The school’s involvement in the design movement came about as overflow from a casual business meeting. Tilove read about a young local designer, found him on Twitter and took him out to lunch. The designer came to class and had fun playing games with the students. Soon thereafter, Tilove said, he received an email from Brown University, saying, “something along the lines of, ‘I hear you’re doing great things – can we collaborate with you?’”

Now, each JCDSRI class has an opportunity each week to go into the design lab. The experience of having a makerspace as part of the curriculum, Tilove said, has been “universally positive.”

“Design thinking,” he added, has been a paradigm shift in the culture of his school: “We’re all more willing to collaborate and work with each other, and listen to each other. And that’s directly because of the design lab.”

‘Kids want to build,” he said. “Building is joyous. It’s amazing to see something that you created, even if it’s silly and sloppy. You created something out of nothing and there it is in three dimensions. It’s exciting.” And Design lab education, is accessible to any school, no matter what their financial situation may be. “You don’t need that much,” Tilove said. “You need time on the schedule.

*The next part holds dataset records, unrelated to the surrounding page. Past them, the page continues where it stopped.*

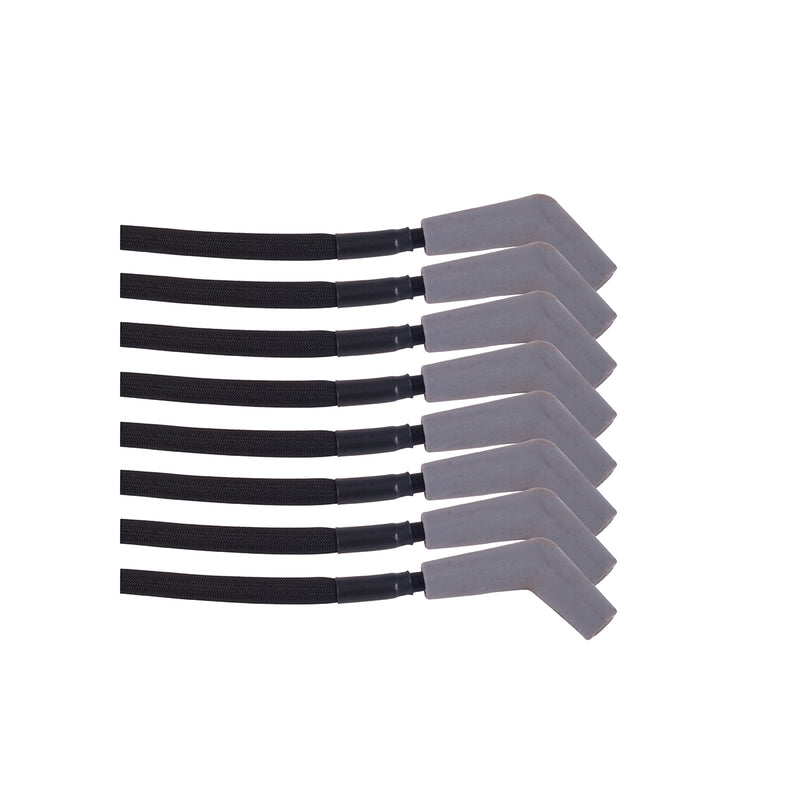 FAST Universal FireWire 8.5mm Black Spark Plug Wire Set For 8 Cylinder Engines - 45 Degree Boots EDELBROCK Autoparts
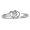 Diamond Heart Promise Ring Crafted in Sterling Silver .07ct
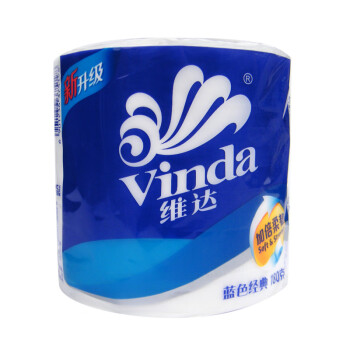 维达（Vinda）蓝色经典无心卷纸 4层厕纸 180g*20卷 V4028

You need a teacher who can be present, and you need faith and trust in children and their innate creativity and imagination. You need cardboard.

“What kids want is to rip cardboard apart,” Tilove laughed. “Don’t overthink it and don’t overspend. You want kids to create and build? Give them stuff they can break and mess up.”

Tilove is currently working with Brown and RISD to develop a useable, portable curriculum to share with other schools who want in on the design lab phenomenon: “our own proprietary design thinking process.”

Their vision is tikkun by design, which suggests that design thinking is a version of tikkun olam. “We are using our human resources to think about the needs of others and make their lives better,” he explained.

“We are trying to really enrich the curriculum, and make it something to share with other schools,” Tilove said. “It’s not a super-easy process. But that’s our dream.”